As might be expected following years of rapid growth in phone usage, TCPA litigation has increased dramatically. Almost 2,000 TCPA lawsuits were filed in the first nine months of 2014 alone, according to the website WebRecon.com.
Defendants in TCPA litigation typically turn to their insurance policies to determine if they have any coverage. In recent years many insurance carriers have added exclusions for TCPA-related claims to the “personal and advertising injury” section of commercial general liability (CGL) policies.
Directors and officers (D&O) and errors and omissions (E&O) policies have also been examined—and litigated— in order to determine whether they provide coverage for damages and defense in TCPA lawsuits.
D&O insurance policies typically consist of up to three major components, as outlined below.
- Side A protects directors and officers against personal loss, including the cost of legal defense, in the event of claims made against them. Side A applies when the corporation does not provide D&O indemnification.
- Side B covers corporate losses when directors and officers are indemnified, but does not apply to the corporation’s liability risk.
- Side C provides entity coverage for the corporation’s own risk in the event of a D&O-related claim.
While the majority of D&O policies (60%) include Side A, B, and C coverage, actual coverage varies across policies.
Many E&O and D&O policies have established a position on treatment of TCPA coverage, and policyholders seeking protection from this risk will want to clearly understand the provisions of their current or prospective policy.
As is the case of most insurance disputes, insureds should carefully review the language of their specific insurance policies. Any questions on what is covered can be addressed to the broker, carrier, or coverage counsel. The best time to establish or update coverage for TCPA claims is either when the policy is written or renewed.
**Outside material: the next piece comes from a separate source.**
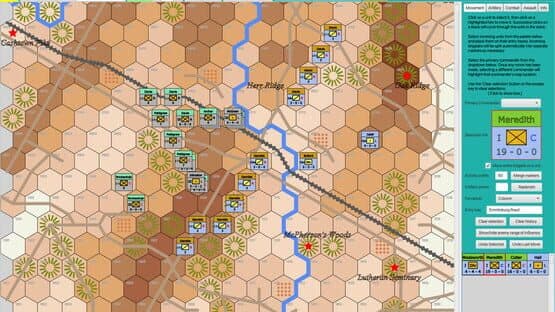 Gettysburg: Fields of Valor — screenshot 1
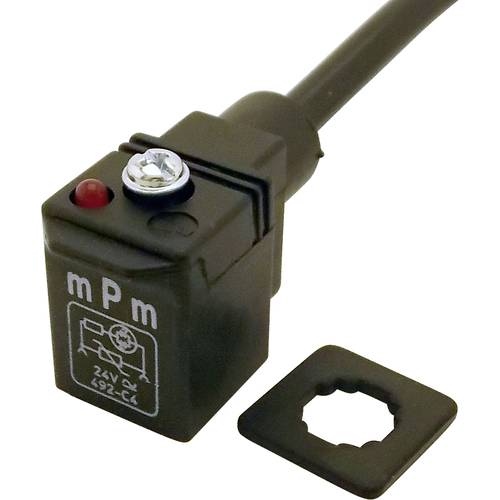 Thumbnail - DIN 43650 Molex WOD Industrial Solution 1210510292 Molex Inhalt: 1 St.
About D&O Insurance Expert Bill Hager
Bill Hager has Directors & Officers expertise in the following areas, among others: (i) directors and officers coverage overall, (ii) the regulation of D&O policies including their terms, conditions, exclusions and coverages, (iii) the marketplace as to D&O policies (iv) insurer claim settlement obligations as to D&O claims, (v) responsibilities of insurance agents as to D&O policies and their duties and obligations in particular as to making their services available to insureds as to D&O coverages, and (vi) the duties and obligations of insureds as to such matters.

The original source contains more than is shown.